Now that the subject had been broached, Rachel wanted more. “So how did he lose it, Gran?”

Celia took a deep breath, and for a split second Rachel saw a look pass over her grandmother’s face that could have been admiration, sympathy or something else.

“There was a terrible accident,” she said. “His wife died.”

Rachel suddenly saw the face of the handsome woman in the flyer’s uniform. The
black
frame on top of the piano.

“It was terribly sad,” Granny Root said thickly. She stared into the distance for a few moments before suddenly gathering the empty plates together, signalling the end of supper, and wheeling her chair away from them towards the sink.

Rachel threw a look at Adam, then got up to help.

They washed the dishes in silence and afterwards Granny Root trundled away to watch television. “It’s
Treasure Hunters
,” she called out from the sitting room. “I never miss it…”

Rachel and Adam politely joined their grandmother in front of the television.

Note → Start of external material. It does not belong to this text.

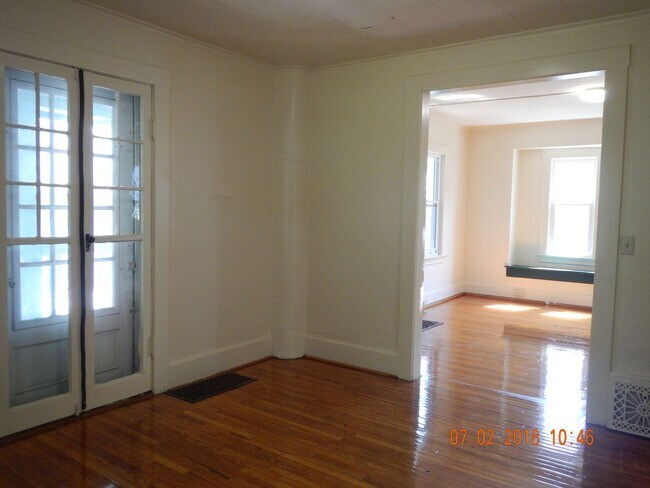 Building Photo - Available 6/1/2026 Charming Home With Priv...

Rachel listened to the enthusiastic tones of the TV archaeologist as he tramped across a rainy British field: waving his arms about and explaining where the Romans had once been; looking out for ridges and dips in the landscape that gave him clues.

Adam seemed interested enough, listening intently as his
grandmother added her own commentary to the programme, but Rachel was unable to settle, or concentrate on the facts the presenter was outlining.

Butterflies of anticipation fluttered around her stomach as she stared at the screen. She knew, as soon as her grandmother went off to bed, that she would be looking for clues of her own.